─── INFORMATION ───
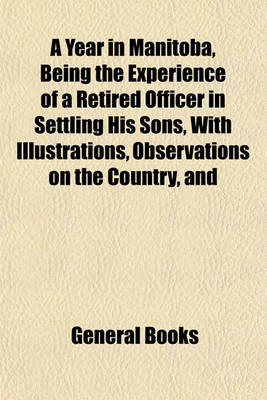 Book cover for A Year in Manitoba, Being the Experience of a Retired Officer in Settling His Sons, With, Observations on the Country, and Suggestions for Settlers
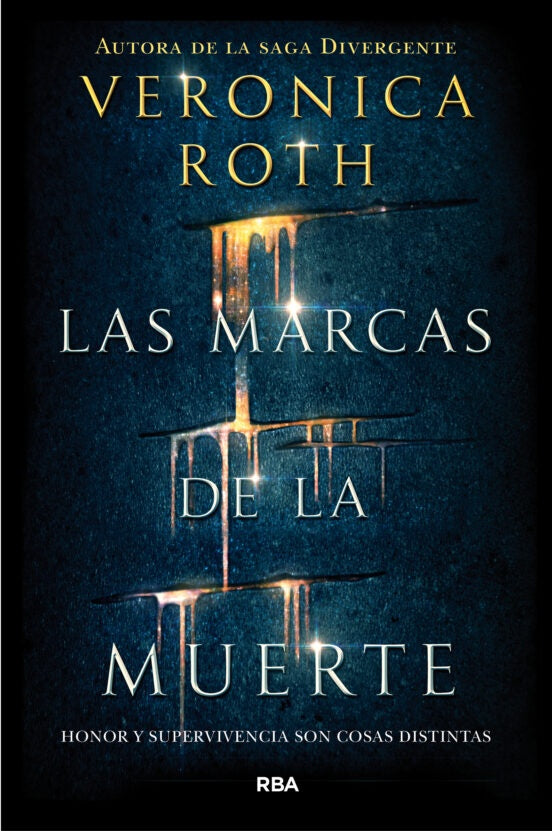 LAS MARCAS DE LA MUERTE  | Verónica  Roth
───
─── INFORMATION ───
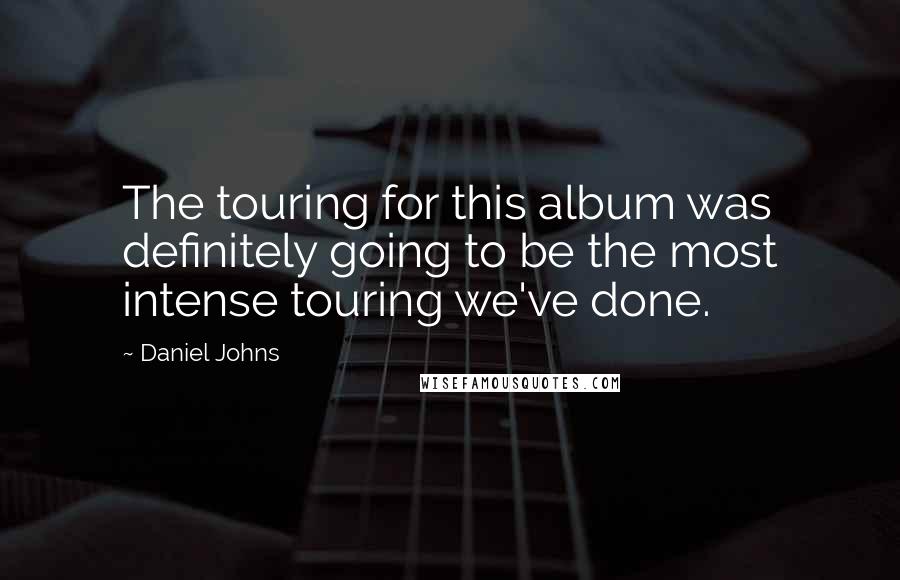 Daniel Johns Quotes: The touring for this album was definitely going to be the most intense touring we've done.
───
- _REQUIREMENT_
In the listing above, find the line with "Book cover for" and the line with "LAS MARCAS DE". Transcribe those two and everything between, exactly, leaving out pictures.

- _REPLY_
 Book cover for A Year in Manitoba, Being the Experience of a Retired Officer in Settling His Sons, With, Observations on the Country, and Suggestions for Settlers
 LAS MARCAS DE LA MUERTE  | Verónica  Roth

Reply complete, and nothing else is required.